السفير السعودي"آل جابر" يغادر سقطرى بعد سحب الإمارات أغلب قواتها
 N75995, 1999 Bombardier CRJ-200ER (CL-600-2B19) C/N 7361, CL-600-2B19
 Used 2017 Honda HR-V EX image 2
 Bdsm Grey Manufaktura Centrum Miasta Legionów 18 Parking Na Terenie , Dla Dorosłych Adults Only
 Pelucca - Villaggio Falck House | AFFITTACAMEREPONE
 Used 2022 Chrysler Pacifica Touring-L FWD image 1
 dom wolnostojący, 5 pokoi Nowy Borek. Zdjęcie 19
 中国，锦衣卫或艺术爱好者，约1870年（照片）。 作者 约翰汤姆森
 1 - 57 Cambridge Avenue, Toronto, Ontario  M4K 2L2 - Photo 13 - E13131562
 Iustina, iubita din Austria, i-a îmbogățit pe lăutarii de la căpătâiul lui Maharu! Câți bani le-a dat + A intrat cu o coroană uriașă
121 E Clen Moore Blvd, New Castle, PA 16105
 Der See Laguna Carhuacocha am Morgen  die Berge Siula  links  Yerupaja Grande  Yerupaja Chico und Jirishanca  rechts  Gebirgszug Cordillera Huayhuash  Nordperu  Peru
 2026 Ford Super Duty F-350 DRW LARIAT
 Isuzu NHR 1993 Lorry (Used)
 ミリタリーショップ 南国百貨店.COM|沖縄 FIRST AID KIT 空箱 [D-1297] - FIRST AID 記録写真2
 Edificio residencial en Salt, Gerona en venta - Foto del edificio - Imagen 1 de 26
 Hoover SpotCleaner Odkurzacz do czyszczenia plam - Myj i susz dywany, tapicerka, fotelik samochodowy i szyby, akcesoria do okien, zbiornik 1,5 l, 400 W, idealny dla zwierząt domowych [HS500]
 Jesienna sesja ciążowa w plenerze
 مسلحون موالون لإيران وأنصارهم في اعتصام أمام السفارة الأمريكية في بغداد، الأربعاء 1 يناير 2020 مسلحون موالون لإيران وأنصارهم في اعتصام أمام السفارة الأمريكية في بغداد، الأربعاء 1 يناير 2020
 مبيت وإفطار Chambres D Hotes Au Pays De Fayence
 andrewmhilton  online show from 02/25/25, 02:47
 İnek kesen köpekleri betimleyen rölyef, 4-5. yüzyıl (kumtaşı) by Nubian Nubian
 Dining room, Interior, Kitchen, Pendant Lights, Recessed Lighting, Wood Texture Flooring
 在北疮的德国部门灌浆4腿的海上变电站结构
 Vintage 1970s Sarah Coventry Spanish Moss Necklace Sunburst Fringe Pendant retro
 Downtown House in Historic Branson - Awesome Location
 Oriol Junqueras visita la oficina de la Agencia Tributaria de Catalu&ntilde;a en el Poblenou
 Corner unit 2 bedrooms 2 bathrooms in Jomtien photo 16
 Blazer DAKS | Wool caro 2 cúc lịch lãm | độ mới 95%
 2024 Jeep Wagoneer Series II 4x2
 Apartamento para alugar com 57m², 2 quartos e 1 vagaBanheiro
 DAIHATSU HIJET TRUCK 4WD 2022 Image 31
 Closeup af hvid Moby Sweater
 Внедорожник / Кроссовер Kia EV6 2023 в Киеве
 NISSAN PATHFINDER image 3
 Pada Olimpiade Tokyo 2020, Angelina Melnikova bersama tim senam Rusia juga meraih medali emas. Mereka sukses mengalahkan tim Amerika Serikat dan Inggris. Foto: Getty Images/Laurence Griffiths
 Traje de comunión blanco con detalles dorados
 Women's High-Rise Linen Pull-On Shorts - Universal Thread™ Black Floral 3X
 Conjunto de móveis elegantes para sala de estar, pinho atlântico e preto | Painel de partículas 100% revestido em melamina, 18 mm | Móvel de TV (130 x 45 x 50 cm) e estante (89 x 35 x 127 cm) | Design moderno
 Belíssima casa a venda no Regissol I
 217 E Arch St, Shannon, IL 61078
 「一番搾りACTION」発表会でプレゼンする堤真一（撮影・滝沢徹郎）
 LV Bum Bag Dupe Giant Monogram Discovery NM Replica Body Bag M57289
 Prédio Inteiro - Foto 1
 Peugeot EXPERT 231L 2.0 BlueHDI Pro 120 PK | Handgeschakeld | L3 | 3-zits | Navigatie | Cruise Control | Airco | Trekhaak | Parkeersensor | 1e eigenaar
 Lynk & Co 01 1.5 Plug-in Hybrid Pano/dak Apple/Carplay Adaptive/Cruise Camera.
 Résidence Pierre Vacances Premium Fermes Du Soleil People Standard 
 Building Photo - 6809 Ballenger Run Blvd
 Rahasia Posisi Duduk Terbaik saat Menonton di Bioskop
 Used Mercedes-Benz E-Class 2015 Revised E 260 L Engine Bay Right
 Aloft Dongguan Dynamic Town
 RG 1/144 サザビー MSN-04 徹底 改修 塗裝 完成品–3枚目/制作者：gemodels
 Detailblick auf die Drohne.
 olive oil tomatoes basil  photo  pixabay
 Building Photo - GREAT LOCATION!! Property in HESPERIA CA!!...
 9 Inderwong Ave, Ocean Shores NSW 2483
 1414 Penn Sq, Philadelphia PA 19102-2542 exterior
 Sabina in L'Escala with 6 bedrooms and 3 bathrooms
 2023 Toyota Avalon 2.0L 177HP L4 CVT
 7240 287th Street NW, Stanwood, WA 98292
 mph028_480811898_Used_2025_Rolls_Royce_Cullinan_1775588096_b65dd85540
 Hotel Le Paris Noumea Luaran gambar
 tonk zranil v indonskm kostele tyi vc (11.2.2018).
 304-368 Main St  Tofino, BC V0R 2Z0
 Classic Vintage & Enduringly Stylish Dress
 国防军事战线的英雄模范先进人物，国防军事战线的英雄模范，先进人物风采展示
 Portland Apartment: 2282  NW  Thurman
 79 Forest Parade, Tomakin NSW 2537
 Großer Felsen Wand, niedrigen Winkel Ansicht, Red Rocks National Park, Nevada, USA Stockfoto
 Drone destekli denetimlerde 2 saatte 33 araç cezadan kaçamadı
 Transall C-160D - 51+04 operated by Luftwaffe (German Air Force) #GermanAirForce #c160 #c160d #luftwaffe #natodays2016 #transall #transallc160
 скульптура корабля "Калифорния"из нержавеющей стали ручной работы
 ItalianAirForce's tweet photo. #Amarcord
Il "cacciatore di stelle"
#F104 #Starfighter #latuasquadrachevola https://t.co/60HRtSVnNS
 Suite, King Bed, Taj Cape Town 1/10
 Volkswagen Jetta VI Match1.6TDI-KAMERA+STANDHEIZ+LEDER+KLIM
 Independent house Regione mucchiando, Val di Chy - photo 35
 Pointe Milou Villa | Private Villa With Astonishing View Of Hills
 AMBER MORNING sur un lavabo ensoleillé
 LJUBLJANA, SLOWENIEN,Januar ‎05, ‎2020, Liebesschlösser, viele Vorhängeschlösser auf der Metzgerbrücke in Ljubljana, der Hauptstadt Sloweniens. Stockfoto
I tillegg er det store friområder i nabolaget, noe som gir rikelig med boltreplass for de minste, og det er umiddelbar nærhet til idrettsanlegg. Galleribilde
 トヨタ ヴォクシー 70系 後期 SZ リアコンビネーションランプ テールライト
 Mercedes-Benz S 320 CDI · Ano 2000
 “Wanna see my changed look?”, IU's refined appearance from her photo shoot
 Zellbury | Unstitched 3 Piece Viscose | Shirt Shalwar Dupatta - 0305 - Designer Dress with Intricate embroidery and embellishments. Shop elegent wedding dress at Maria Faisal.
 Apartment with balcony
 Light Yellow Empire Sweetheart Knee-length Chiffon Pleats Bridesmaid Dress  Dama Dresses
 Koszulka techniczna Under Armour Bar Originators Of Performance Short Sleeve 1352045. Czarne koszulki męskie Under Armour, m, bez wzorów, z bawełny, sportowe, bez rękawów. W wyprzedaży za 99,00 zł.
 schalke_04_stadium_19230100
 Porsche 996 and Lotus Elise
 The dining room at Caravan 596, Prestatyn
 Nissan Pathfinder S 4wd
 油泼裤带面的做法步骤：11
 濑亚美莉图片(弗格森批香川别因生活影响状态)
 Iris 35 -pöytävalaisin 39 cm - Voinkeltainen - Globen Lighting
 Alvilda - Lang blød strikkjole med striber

=== Work task ===
In the entries above, find the line with "Prédio Inteiro - Foto 1" and the line with "国防军事战线的英雄模范先进人物，国防军事战线的英雄模范，先进人物风采展示", then set down exactly those two and every line between them, nothing else.

=== Result of the task ===
 Prédio Inteiro - Foto 1
 Peugeot EXPERT 231L 2.0 BlueHDI Pro 120 PK | Handgeschakeld | L3 | 3-zits | Navigatie | Cruise Control | Airco | Trekhaak | Parkeersensor | 1e eigenaar
 Lynk & Co 01 1.5 Plug-in Hybrid Pano/dak Apple/Carplay Adaptive/Cruise Camera.
 Résidence Pierre Vacances Premium Fermes Du Soleil People Standard 
 Building Photo - 6809 Ballenger Run Blvd
 Rahasia Posisi Duduk Terbaik saat Menonton di Bioskop
 Used Mercedes-Benz E-Class 2015 Revised E 260 L Engine Bay Right
 Aloft Dongguan Dynamic Town
 RG 1/144 サザビー MSN-04 徹底 改修 塗裝 完成品–3枚目/制作者：gemodels
 Detailblick auf die Drohne.
 olive oil tomatoes basil  photo  pixabay
 Building Photo - GREAT LOCATION!! Property in HESPERIA CA!!...
 9 Inderwong Ave, Ocean Shores NSW 2483
 1414 Penn Sq, Philadelphia PA 19102-2542 exterior
 Sabina in L'Escala with 6 bedrooms and 3 bathrooms
 2023 Toyota Avalon 2.0L 177HP L4 CVT
 7240 287th Street NW, Stanwood, WA 98292
 mph028_480811898_Used_2025_Rolls_Royce_Cullinan_1775588096_b65dd85540
 Hotel Le Paris Noumea Luaran gambar
 tonk zranil v indonskm kostele tyi vc (11.2.2018).
 304-368 Main St  Tofino, BC V0R 2Z0
 Classic Vintage & Enduringly Stylish Dress
 国防军事战线的英雄模范先进人物，国防军事战线的英雄模范，先进人物风采展示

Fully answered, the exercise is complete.